• TASK DIRECTIONS:
Reproduce the listing below exactly, from its first line down to and including the line with "Plage de Conleau, vannes".

GIVEN RECORDS Start Marker

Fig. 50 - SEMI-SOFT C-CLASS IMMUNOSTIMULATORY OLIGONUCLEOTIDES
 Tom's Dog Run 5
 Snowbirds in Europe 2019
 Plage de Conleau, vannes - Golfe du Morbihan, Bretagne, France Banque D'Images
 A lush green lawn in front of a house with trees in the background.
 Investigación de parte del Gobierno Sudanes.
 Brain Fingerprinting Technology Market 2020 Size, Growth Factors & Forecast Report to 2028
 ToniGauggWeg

GIVEN RECORDS End Marker

• RESPONSE BELOW:
Fig. 50 - SEMI-SOFT C-CLASS IMMUNOSTIMULATORY OLIGONUCLEOTIDES
 Tom's Dog Run 5
 Snowbirds in Europe 2019
 Plage de Conleau, vannes - Golfe du Morbihan, Bretagne, France Banque D'Images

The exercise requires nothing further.